We also did this Q&A when we went to movies or to the zoo or other fun places. On the ride home, my husband and I would ask the boys, “what was your favorite part?” and they would each answer. As Taylor got better at answering, the questions grew more complex. Since movies were the main thing Taylor loved, the questions were “what part made you laugh the most?” or “what part made you sad?”. My other two boys loved these conversations also. They are now twenty, eighteen and fourteen years old and we still do this question session after every movie we see. My fourteen year old told me the other day that he thought of this as a tradition we have.
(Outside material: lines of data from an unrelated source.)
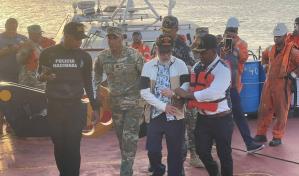 Detienen al comunicador Ángel Martínez en un crucero en Puerto Plata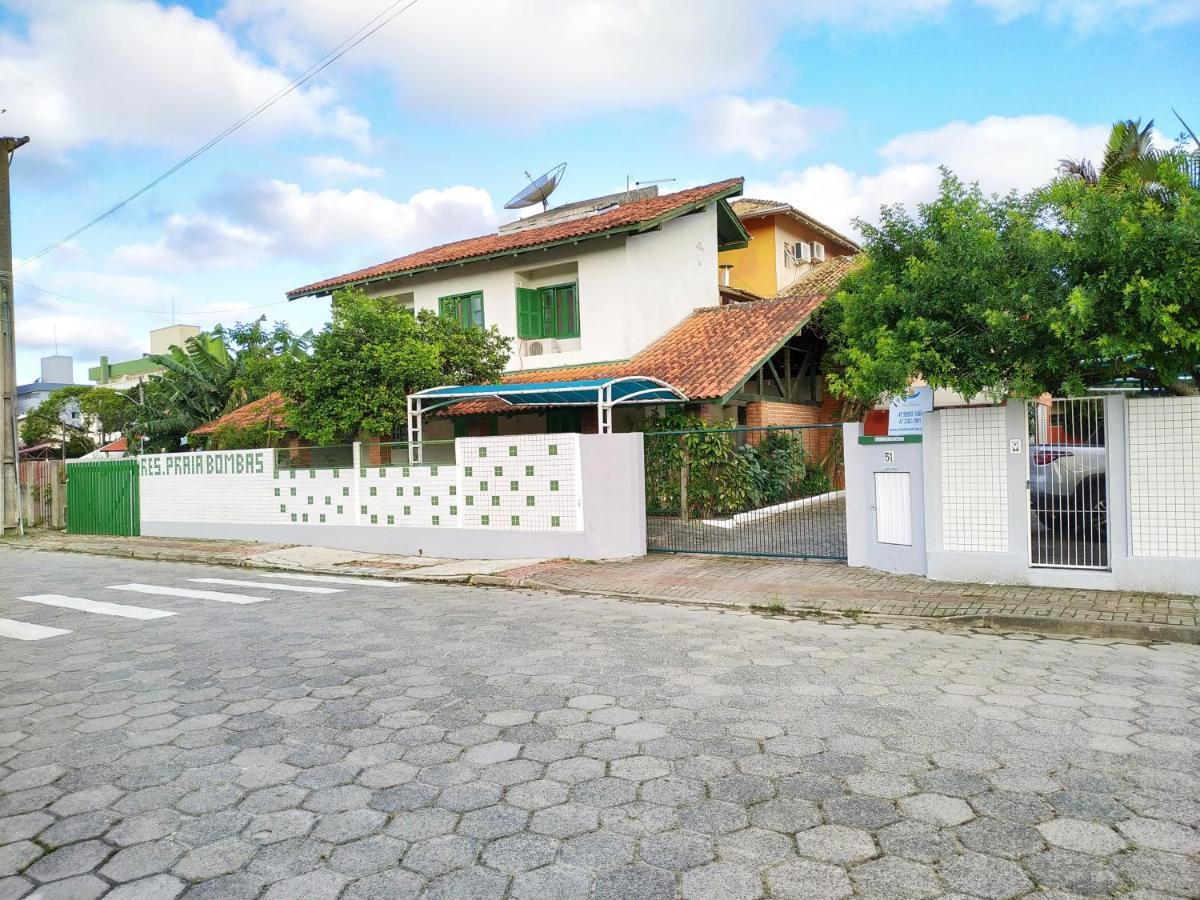 Residencial Praia Bombas บอมบินญัส ภายนอก รูปภาพ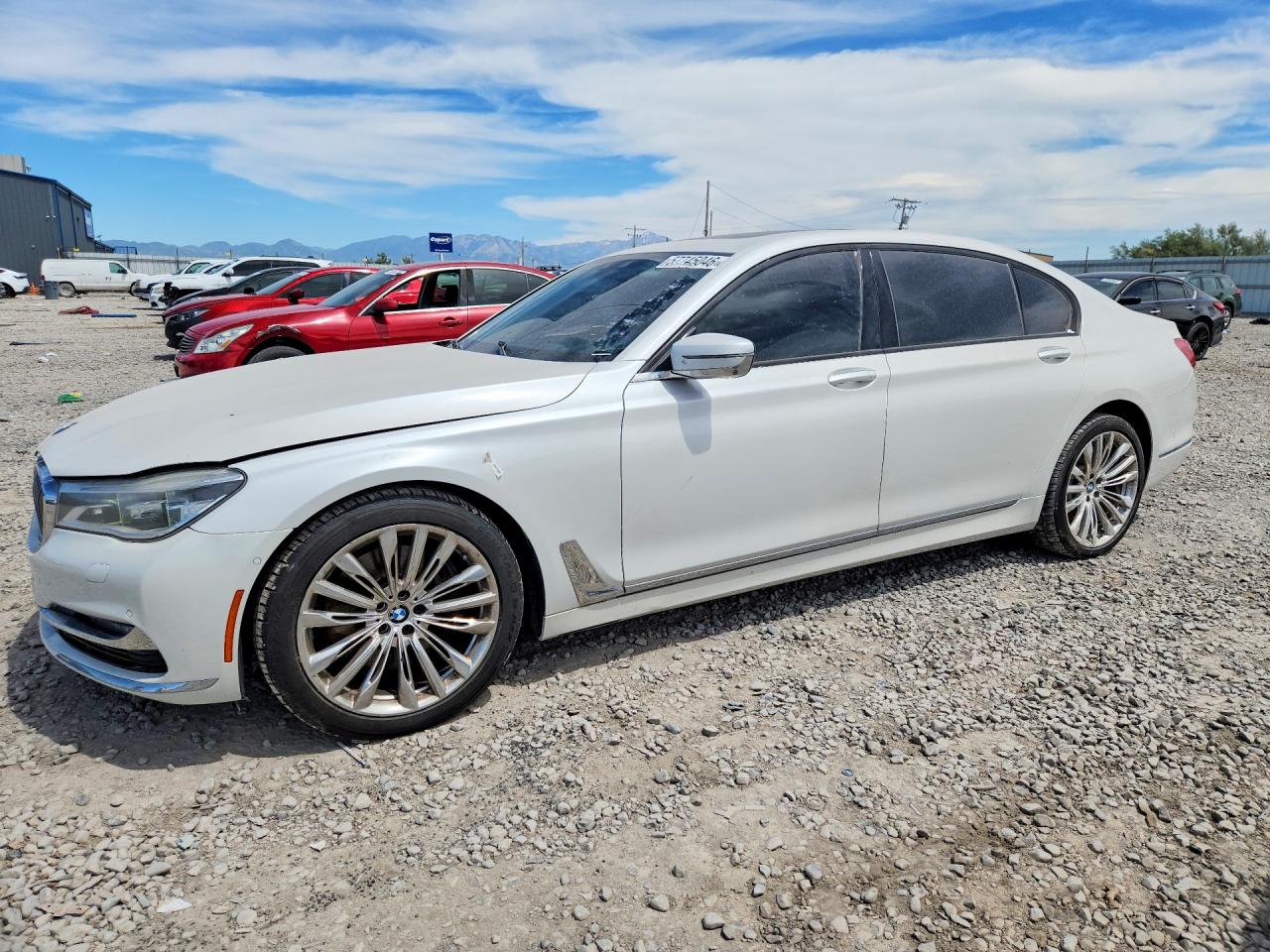 2016 BMW 7 Series 750i xDrive, VIN WBA7F2C5XGG418922 — Minor dents and scratches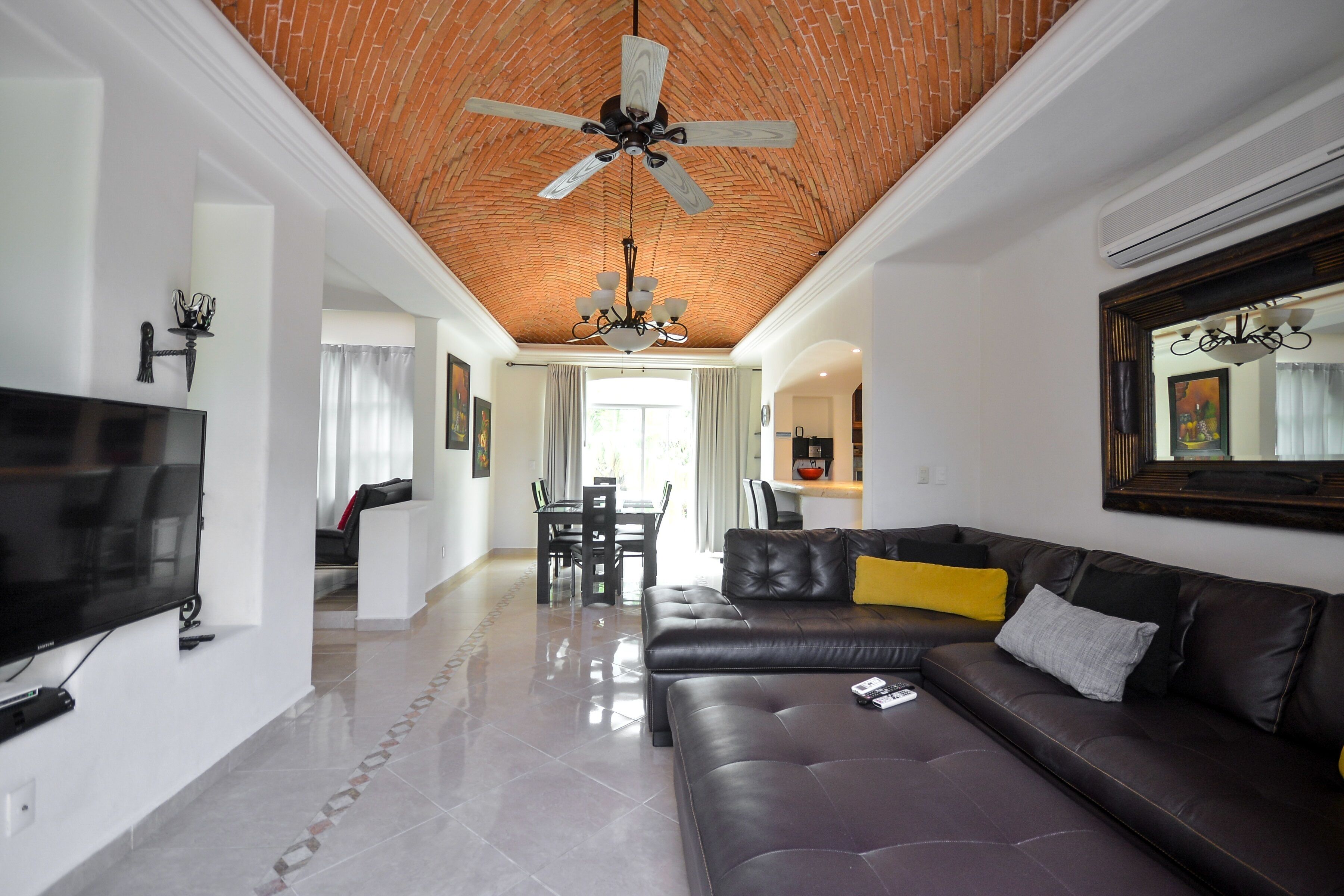 VILLA LA PERLA BLANCA spacious 4 Bedroom /4 baths/beautiful pool/ roof  sunbed..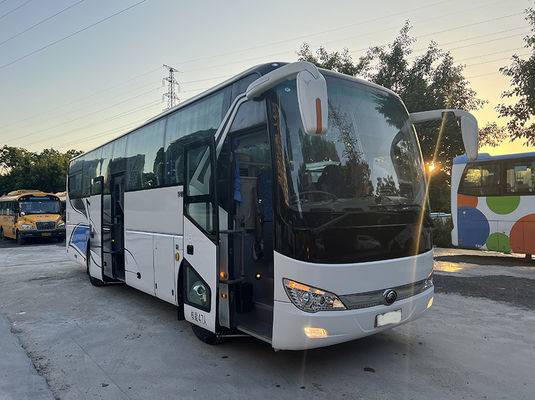 Octobre 2016 Yutong 47 sièges LHD Autobus d'occasion avec moteur diesel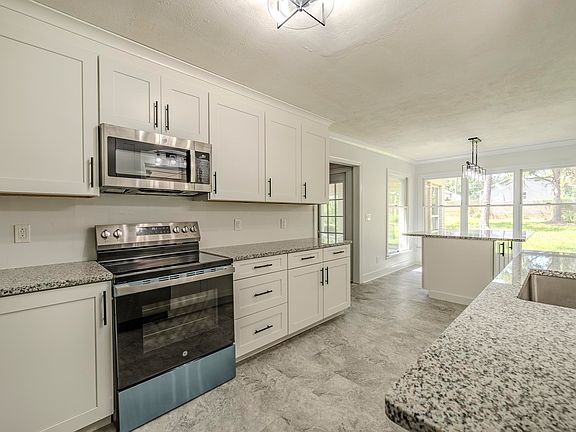 4th image of 70 Holt St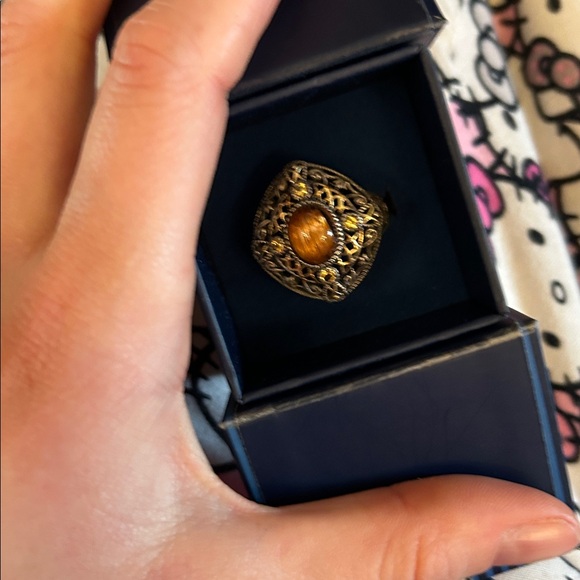 Assorted Silver Rings Collection - Picture 5 of 11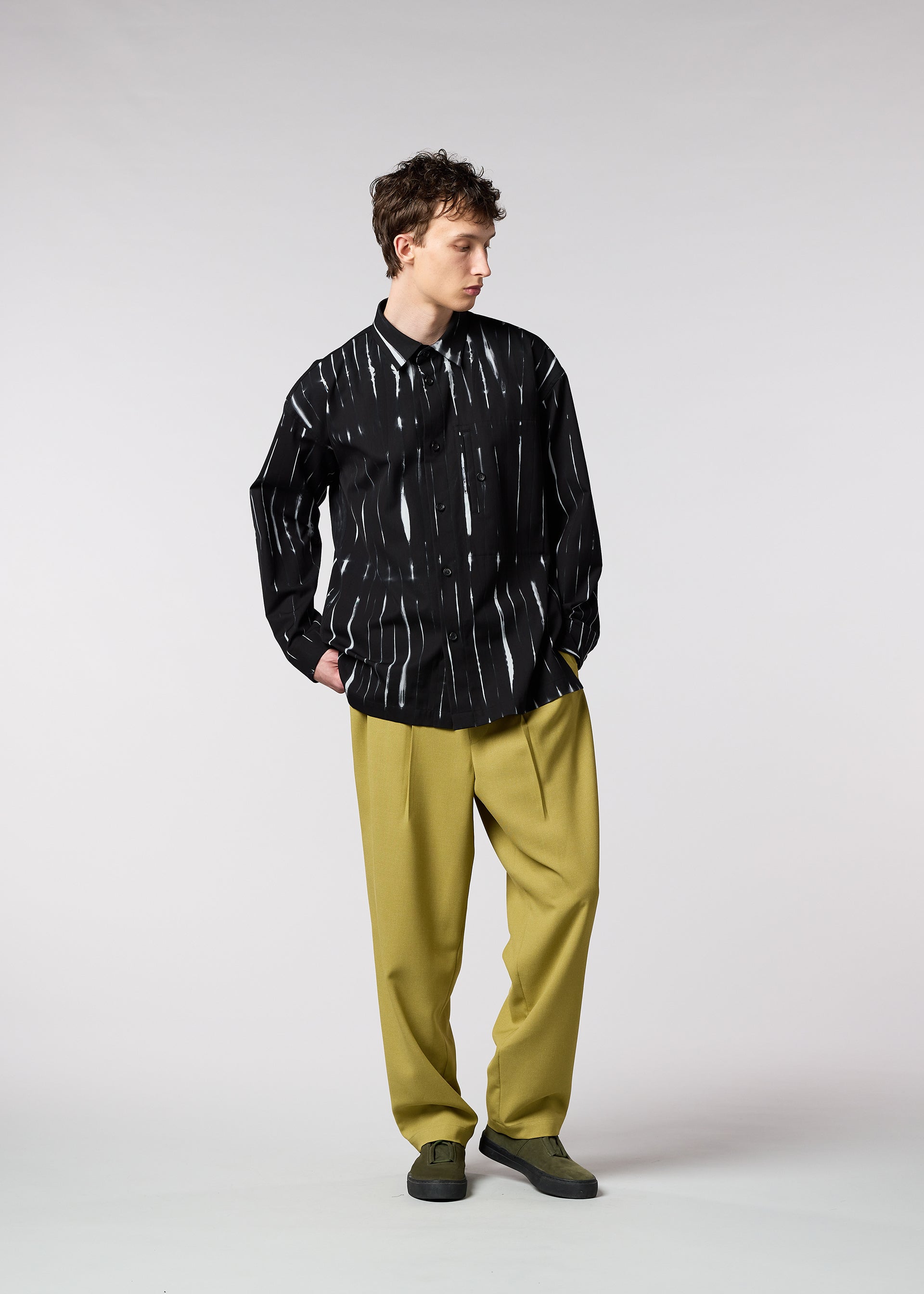 A model wears the IM MEN GIFT shirt.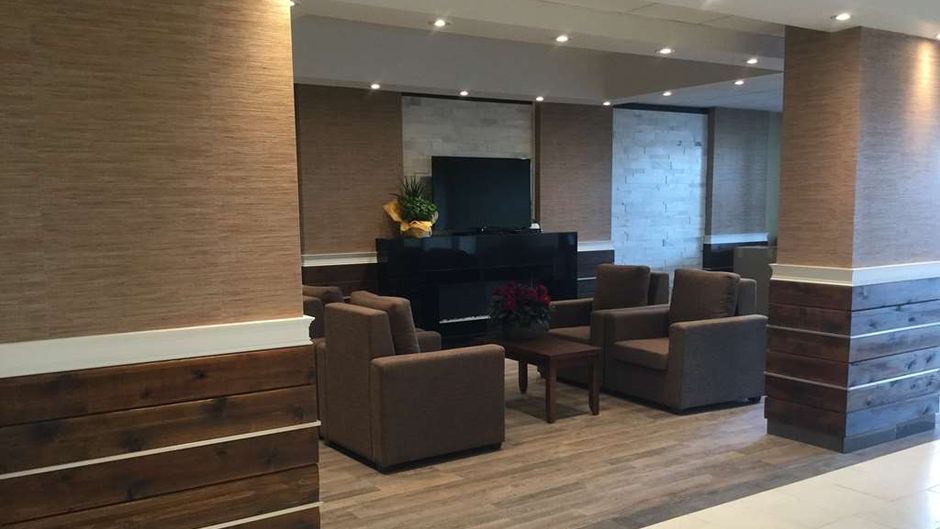 Super 8 Hardisty Lobby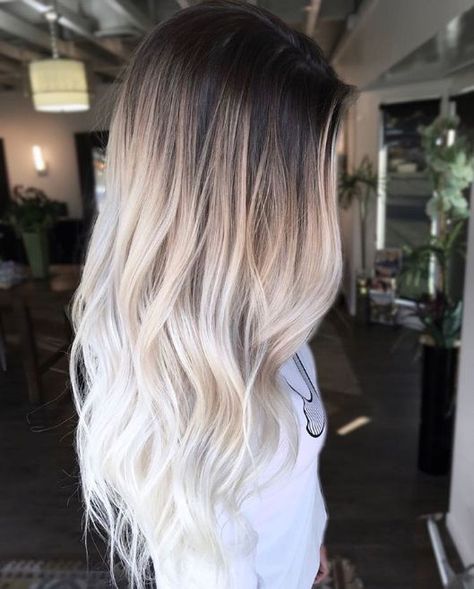 Balayage - 9 Beach Hairstyles To Try On Your Holiday Hair Sign, Cabelo Ombre Hair, Blonde Hair With Roots, Icy Blonde Hair, Beauty Advisor, Kadeřnické Trendy, Brown Ombre Hair, Ombre Hair Blonde, Dark Roots Blonde Hair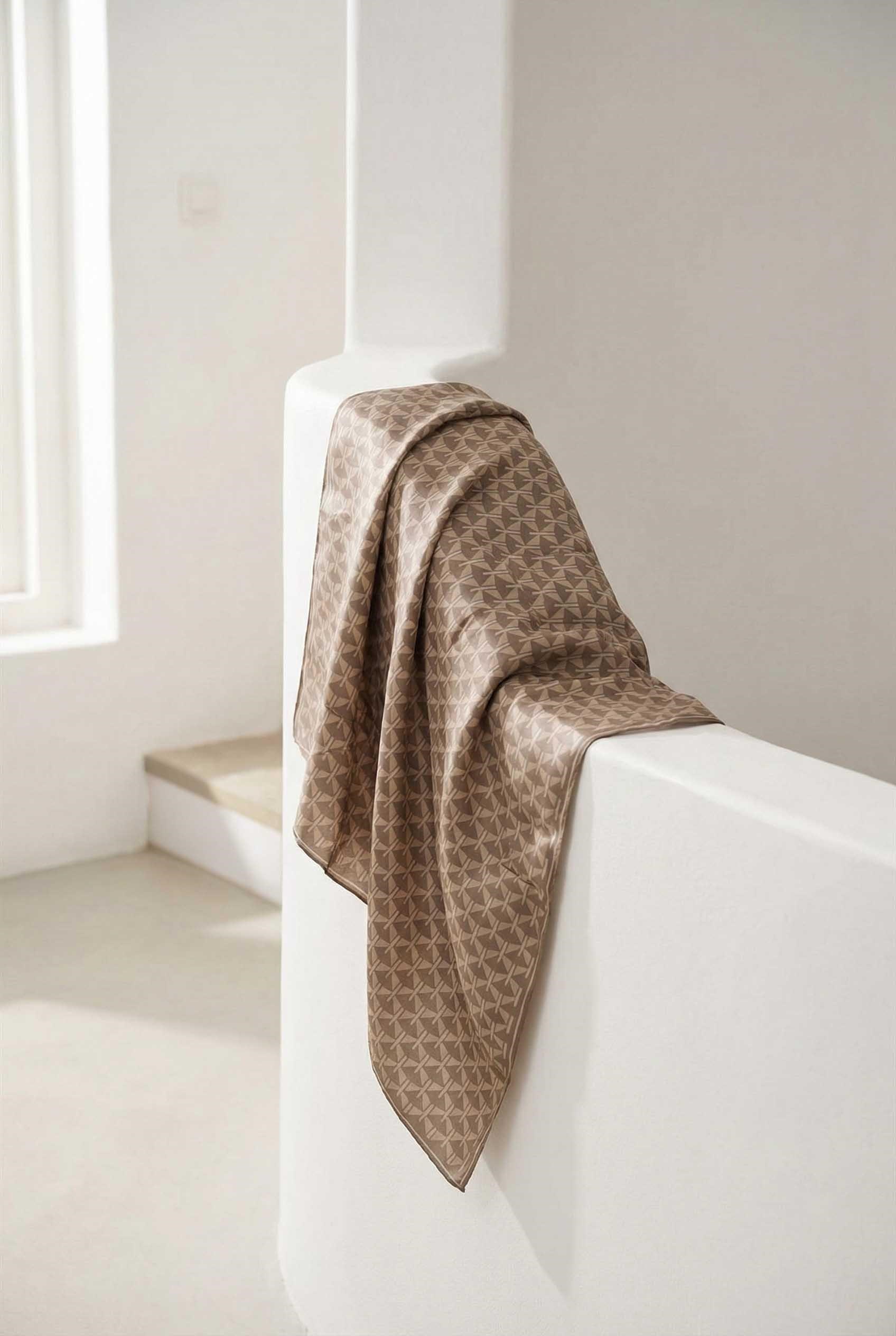 Pamuk Karışımlı Eşarp Haki Geometrik Üçgen Desen Soft Dokulu Kaymaz 90X90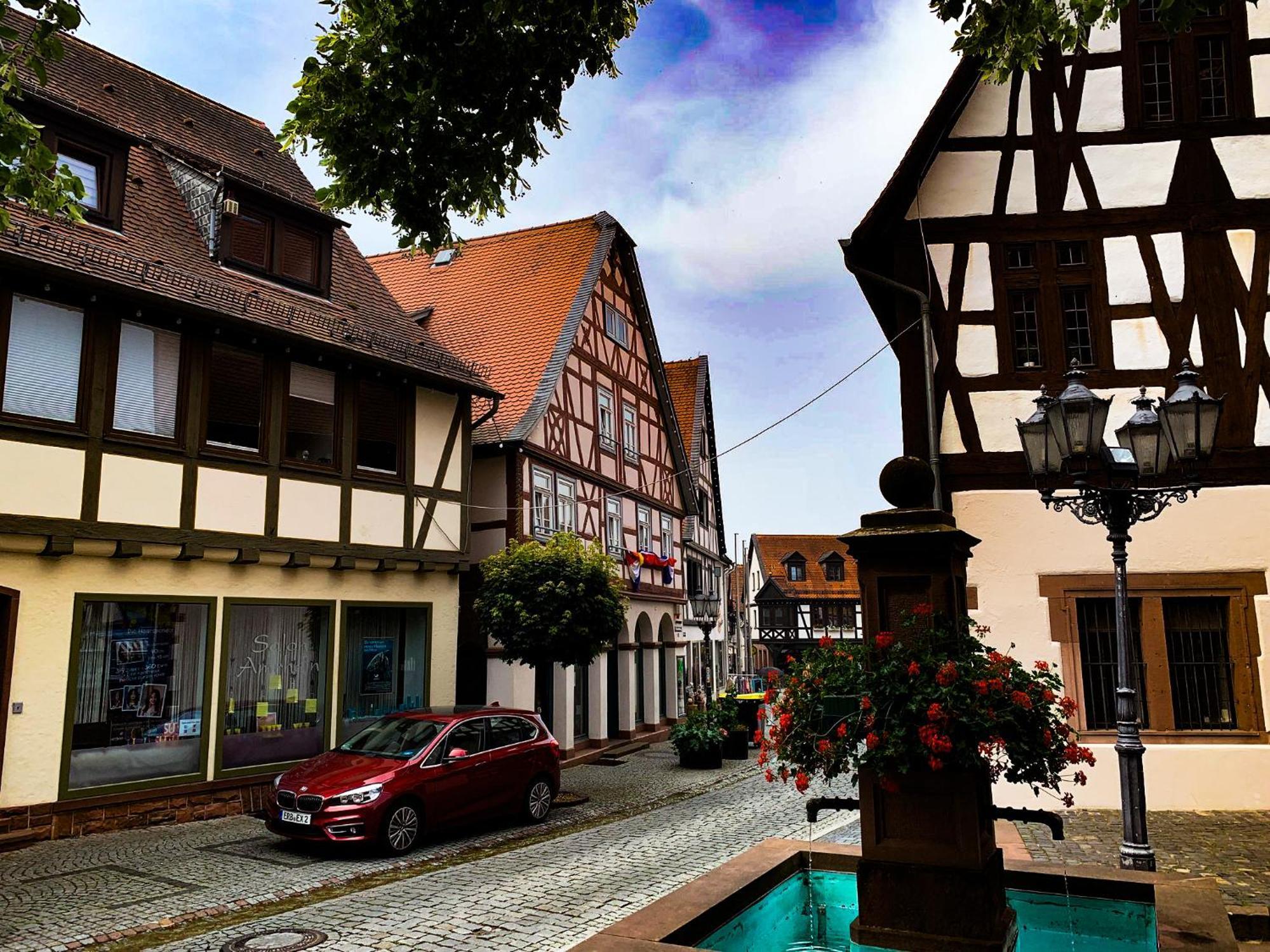 Ferienwohnung Wohnen Am Historischen Rathaus Michelstadt Exterior foto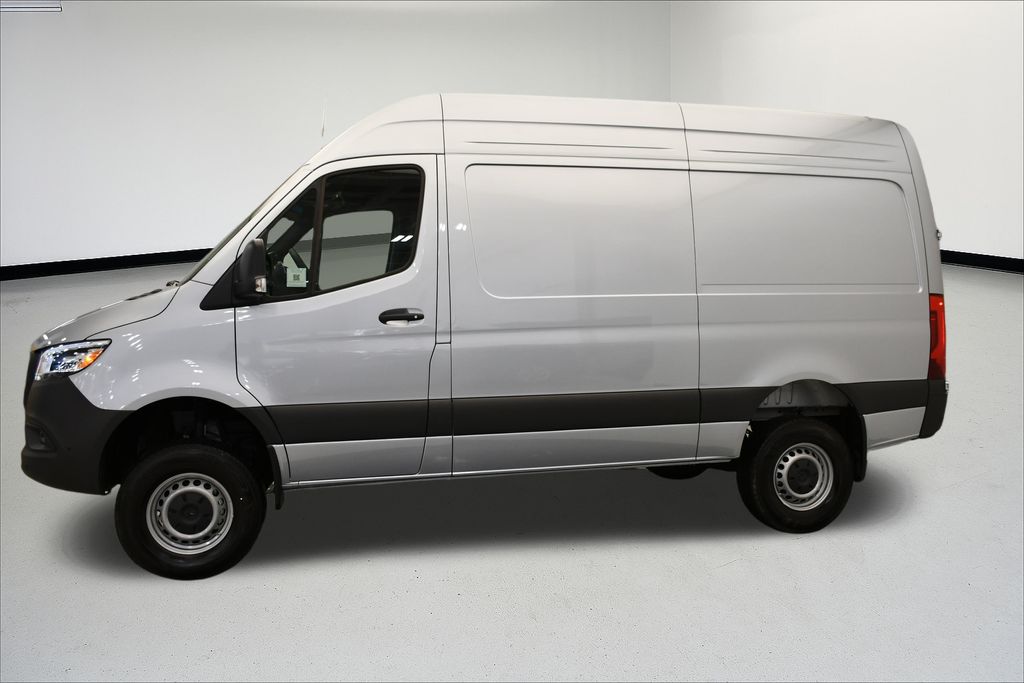 Thumbnail: 2025 Mercedes-Benz Sprinter - 2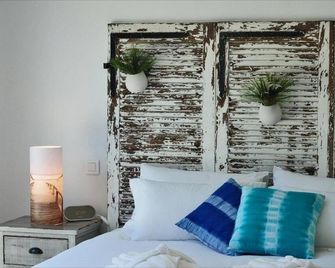 La Dependance by Cocoonr - Boóc-đô - Tiện nghi trong phòng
I guess it is. It just became a part of what we do as a family and it was the beginning of Taylor’s ability to have conversations. We are still working on conversation skills. This will be a life-long progression for Taylor. As with most people with Autism, he has a hard time listening to others when they converse with him. He hears them but he has a hard time listening because in his head he is already practicing what he is going to say to them. This means that a lot of the time when he responds, it may be to a question the person asked at the beginning or even 5 minutes ago instead of what they just said.
Taylor loves to talk TO people but still struggles talking WITH people. He wants to talk about what HE wants to talk about. He is aware that he needs to listen more to others and not always talk about his favorite things, but it is a conscious effort for him. For this reason, his conversations with others are not very long winded because he really has to focus and concentrate on what they are saying, and that gets old pretty quick. In fact, it honestly wears him out.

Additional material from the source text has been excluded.